In July 2001, Charlton Athletic signed him for a club record fee of £4.75 million, bringing him back to the Premier League. He made his debut on 18 August in a 2–1 home defeat to Everton. His first goal for the Addicks came in the third round of the League Cup on 9 October in a 1–0 win over West Bromwich Albion at the Hawthorns. His first league goal came on 20 October in a 1–1 draw with Derby County at Pride Park.

On 19 November Euell scored a first half brace in a 4–4 home draw with West Ham United. He scored both goals in a 2–1 home win over Chelsea on 2 March 2002. In the 2001–02 season he made a total of 40 appearances, scoring 13 goals as the Addicks finished in 14th place in the Premier League. In his first three seasons with the Addicks Euell was top scorer.

In the 2002–03 season, Euell started the season well when he scored in a 2–1 win over Bolton Wanderers on 24 August 2002. Throughout December, he scored four goals against Liverpool, Manchester City and Tottenham Hotspur. Once again, he finished the season as a top scorer, scoring 11 goals in the total of 39 appearances.

In the 2003–04 season, Euell continued to be in goal-scoring form when he scored in a 4–0 win over Wolverhampton Wanderers, followed up by scoring in a 2–2 draw against Everton. However, he was sent–off for a second bookable offence in the 63rd minute when he made a "reckless tackle" on Gary Neville, in a 2–0 loss against Manchester United on 13 September 2003. After his sending off, Euell's action was criticised by Manager Alan Curbishley. This led to transfer speculation over Euell's future at Charlton, although this was denied by Curbishley. After serving a three match suspension, and despite being sidelined twice later in the season, he later scored twice against Wolverhampton Wanderers and Leeds United, a victory that ultimately saw them relegated. For the third time running, he finished the season as a top scorer, scoring 10 goals in total of 34 appearances.

In the 2004–05 season Euell went on to score twice against Portsmouth and Norwich City in the first half of the season. He struggled to replicate his form from his first three seasons due to injuries. He made seven starts in the season and spent much of his time on the substitute bench. During the season, Euell was the subject of transfer speculation after being linked with a move away from Charlton, although this was denied by Curbishley once again. He was previously targeted by a bid of £2.5 million from Crystal Palace, which was turned down during the transfer window. Nevertheless, he went on to make 31 appearances and scored twice.

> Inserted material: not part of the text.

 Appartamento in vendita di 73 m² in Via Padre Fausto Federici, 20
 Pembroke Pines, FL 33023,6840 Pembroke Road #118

In 2005–06 season, Euell missed much of the season with a shoulder injury, which he sustained in a friendly match against Dover Athletic. Following his return from injury in December, Euell failed to get back into the first team, scoring only once all season, although he turned down a transfer to Birmingham City in January 2006. In five years at the club Euell made a total of 155 appearances, scoring 37 goals.

===Middlesbrough===
Euell joined Middlesbrough on 31 August 2006 for £300,000. It came after Euell was not included under Manager Iain Dowie's plan at the start of the 2006–07 season and was placed on the transfer list.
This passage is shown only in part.